A Small-Budget Advertising Experiment

Haole Wood by Dee DeTarsio

Today’s guest post is by Dee DeTarsio. While it is more of a brief advertising anecdote than a serious ad campaign with strong conclusions, many authors ask me about online advertising (where, why, how). But I find it difficult to offer concrete advice on the matter since so much depends on the place where you advertise, whether or not your target audience sees your ad, what ad copy or images you use, and what your landing page is like. Still, I think this anecdote offers a nice peek behind the veil. On a related note, check out Elizabeth S. Craig’s recent post about her thoughts on what impacts her sales. (Hint: It’s not advertising.)

Chick-lit author Jen Weiner (The Next Best Thing) is my idol. I’ve reread everything she’s ever written, including her recent post that started out, “What if you were a novelist, hoping and praying for your new book to take off?”

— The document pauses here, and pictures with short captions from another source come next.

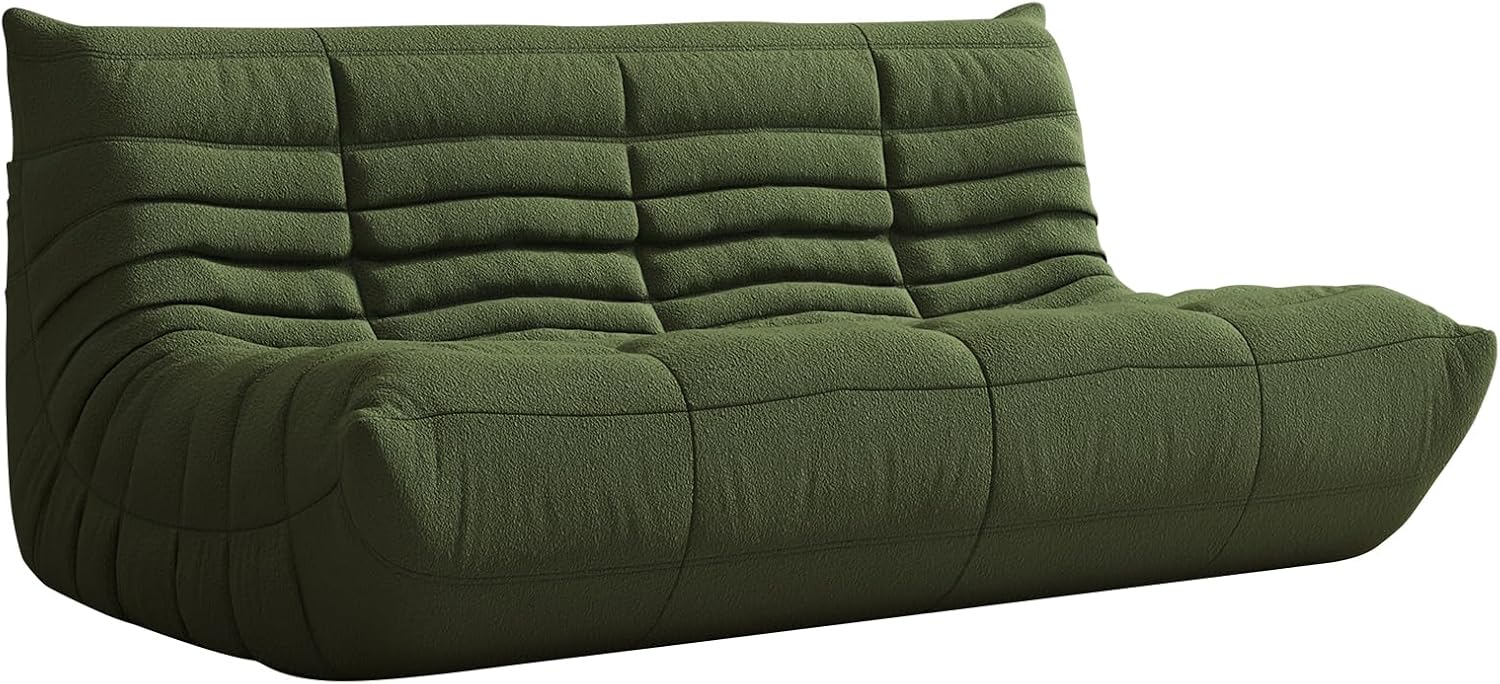 Big Bean Bag Chairs for Adults, 3 Seater Large Floor Sofa (Green)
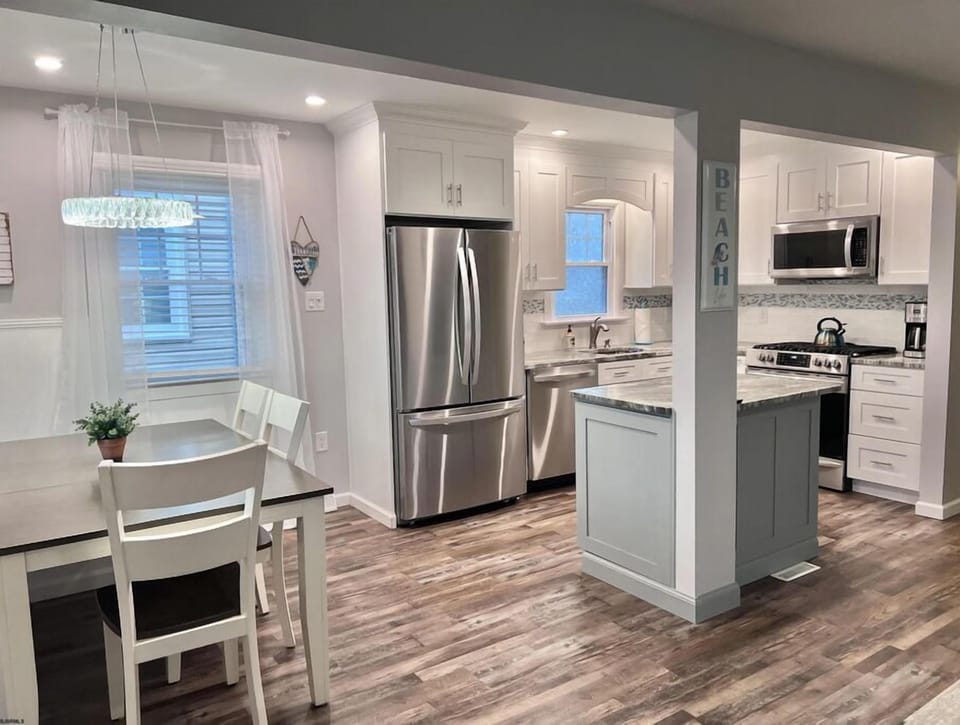 Kitchen and dining area in one view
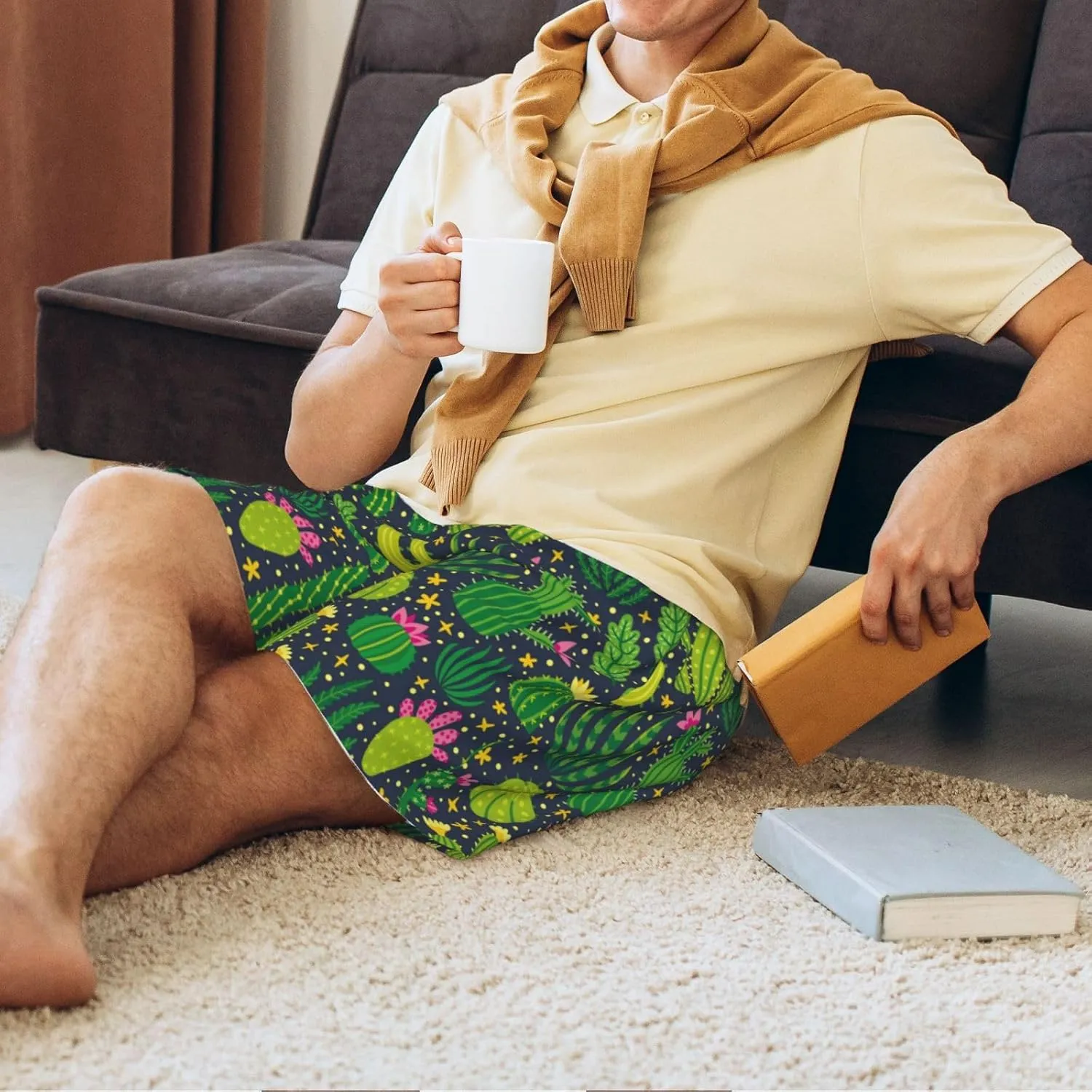 Vosery Mens Pajama Pants - Cactus 1 Comfy Sleep Shorts Mens Pajama Shorts, Mens Lounge Shorts Pj Pants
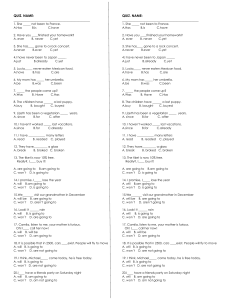 English Grammar Quiz: Present Perfect, Future Tenses, For/Since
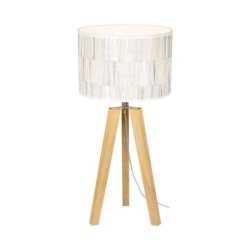 Malo Lampa Stołowa 1xE27 Max.60W Dąb Olejowany/Transparentny PVC/Multikolor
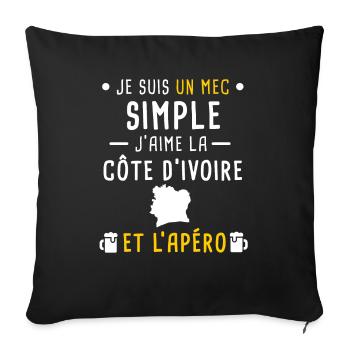 côte d'ivoire homme apéro mec simple - Housse de coussin décorative 45 x 45 cm - noir - Devant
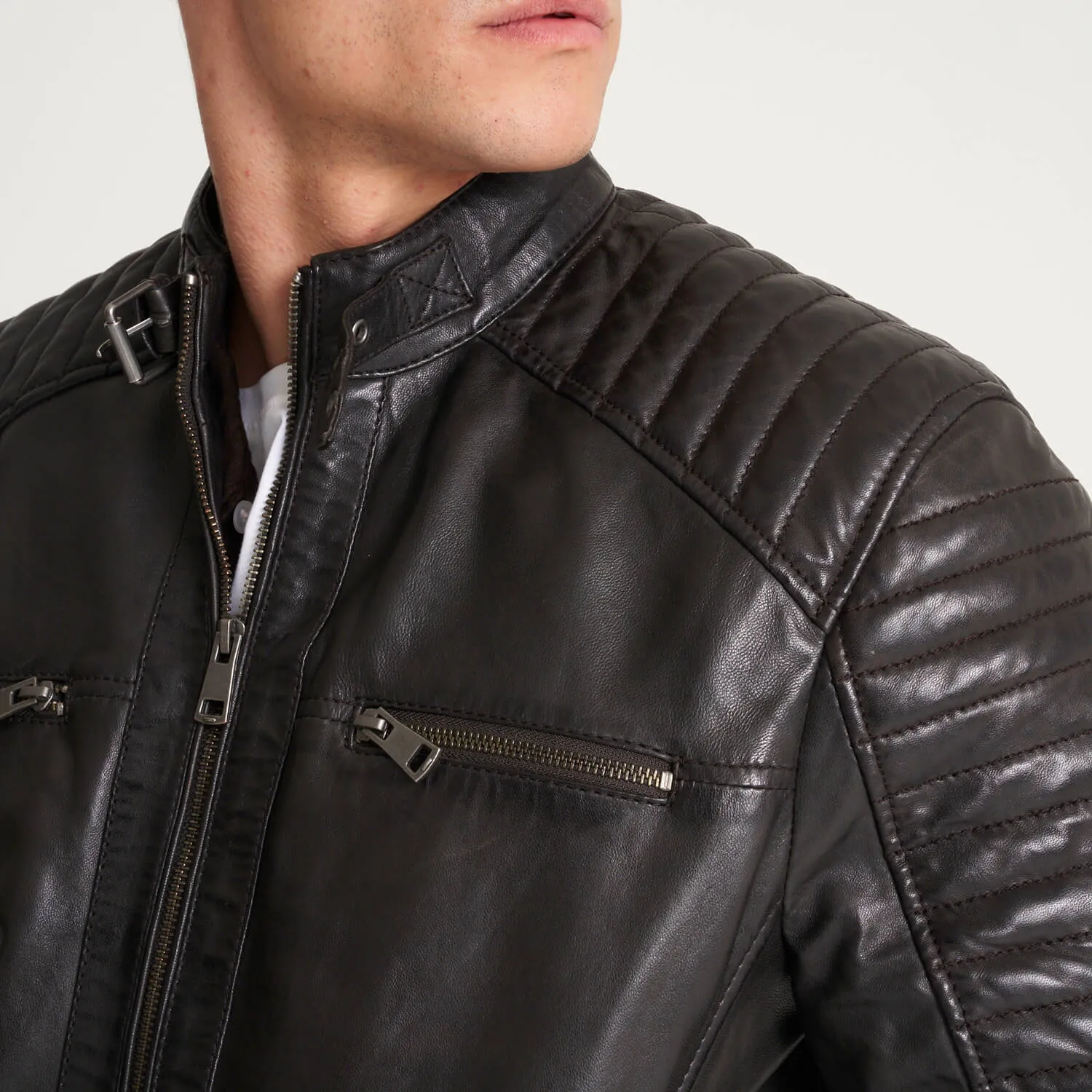 Men's Chrome-Free Dark Brown Leather Jacket - Barneys Originals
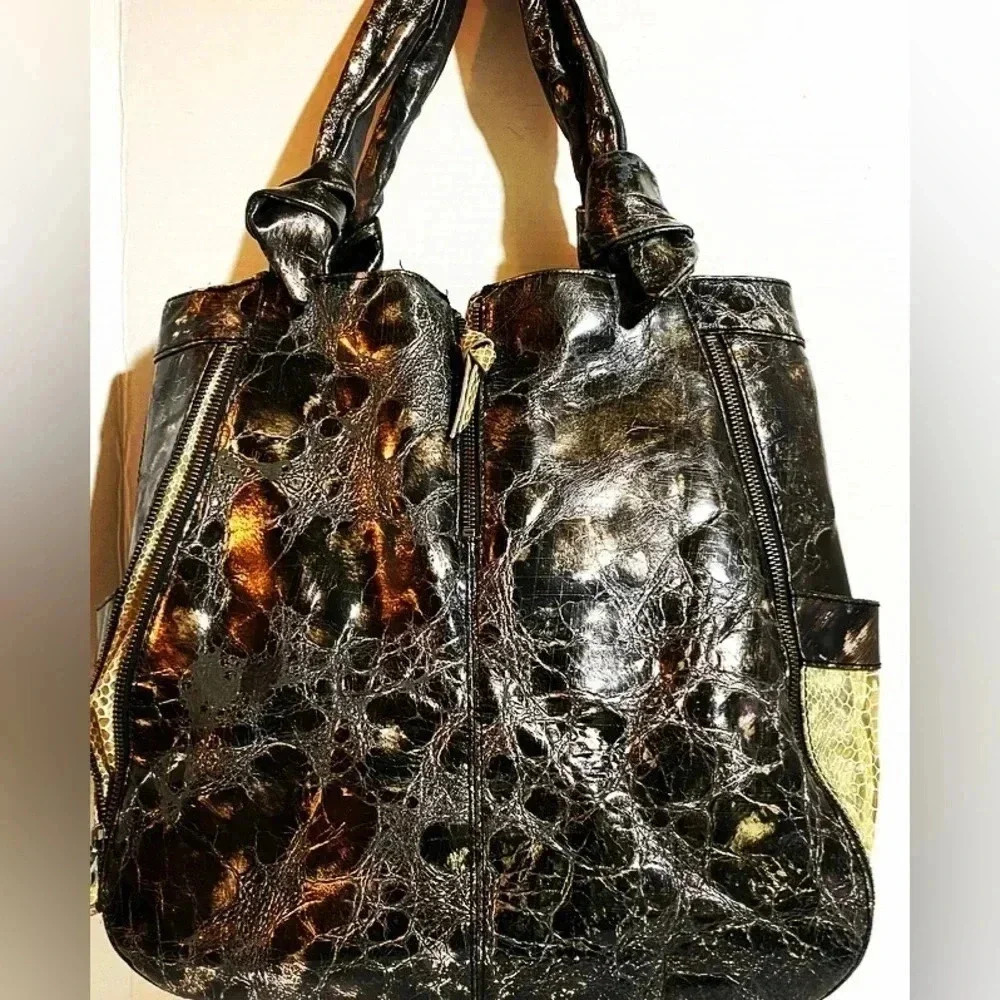 Vintage reign black & sparkling snake print handbag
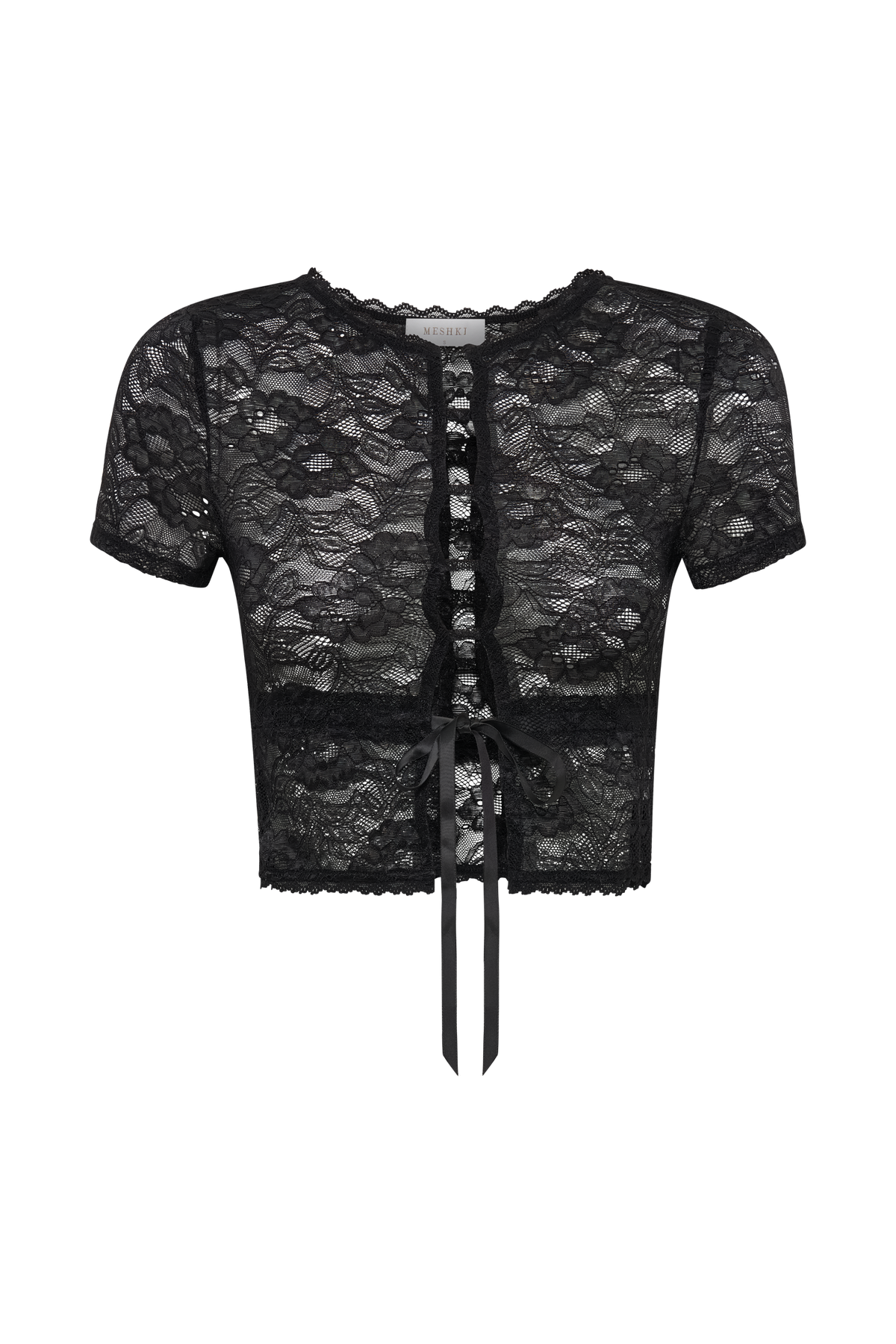Farrah Stretch Lace Vintage Top - Black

Hey … that’s just about everyone I know. She mentioned her ads that were posted on literary websites, which is where I met Largehearted Boy.

Hearkening back to my old marketing professor’s three rules of advertising—KISS, hunt where the ducks are, and circulate to percolate (I told you he was old)—I pushed the go button. I acted Now! For a limited time only! and paid people ($200 for the first week of July) to pay attention to me, as I hoped and prayed my new book would take off.

“Take off” is such a strong phrase, but it was cool to see my book hanging out with the goddess:
Tarsio & Weiner ads

Below, you can see the spike on the right side of the graph–Haole Wood made it all the way up to 21,000 on Amazon’s chart. (And I’m only being a little sarcastic.)

Tarsio Amazon graph

I published Haole Wood on May 15. For the month of June, I sold 87 copies, with 15 borrows. I also offered it FREE from June 7-11 (by being part of KDP Select) to the tune of 5,301 downloads. For the first two weeks of July: 32 sales, 14 borrows.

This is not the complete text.